MOOCs have already undergone rapid development and widespread deployment, however, further improvements to the platform and wider dissemination is possible. This is because contemporary students are generations with a high degree of acceptance of personal information technology (Taipale, 2016). The theory of personal information technology acceptance and related research stems from the technology acceptance model (TAM; Davis, 1985). Scholars continued to expand the scope of research in this area and proposed the theory of planned behavior (TPB; Ajzen, 1991), the model of PC utilization (MPCU; Thompson, Higgins, & Howell, 1991), the motivation model (MM; Davis, Bagozzi, & Warshaw, 1992), the social cognitive theory (SCT; Compeau & Higgins, 1995), the extension of the technology acceptance model (Venkatesh & Davis, 2000), the innovation diffusion theory (Rogers, 2003), the unified theories of acceptance and usage of technology model (UTAUT; Venkatesh, Morris, Davis, & Davis, 2003), the technology acceptance model 3 (Venkatesh & Bela, 2008), and others.
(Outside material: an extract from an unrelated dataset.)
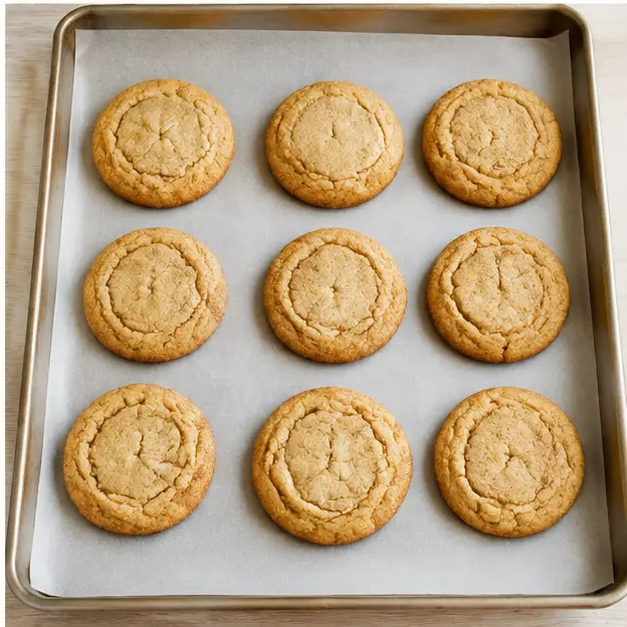 Baking until edges are set and tops crackle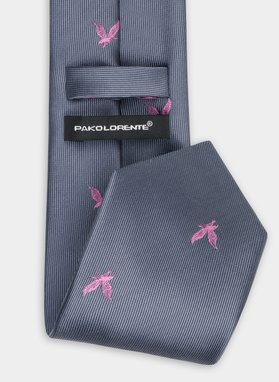 Krawat męski szary P21WF-KX-276-S-0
Among these theories, the UTAUT model is a typical and widely used one (Chu, 2013). UTAUT integrates several technology acceptance models and identifies several potential variables: performance expectancy, effort expectancy, social influence, facilitating conditions, age, sex, experience, and four moderating variables. Therefore, the interpret ability of UTAUT model is as high as 70%, which considerably exceeds the 17% to 42% interpretation ability of the previous model (Venkatesh, Thong, & Xu, 2016).
In China, college students’ acceptance of MOOCs is not only an individual behavior of information technology acceptance, but also a social trend. Under the current education system in China, it is difficult for college students to study MOOC because of their heavy loading. But it is a reality that college education in China requires teachers to adopt MOOC as one of the teaching approaches. That’s why many students are forced to be involved in it if they have free time. Thus, the conflict between leisure and learning is evident. This study investigated some factors that influence the MOOC learning intention and behavior of university students from the perspective of technical acceptance.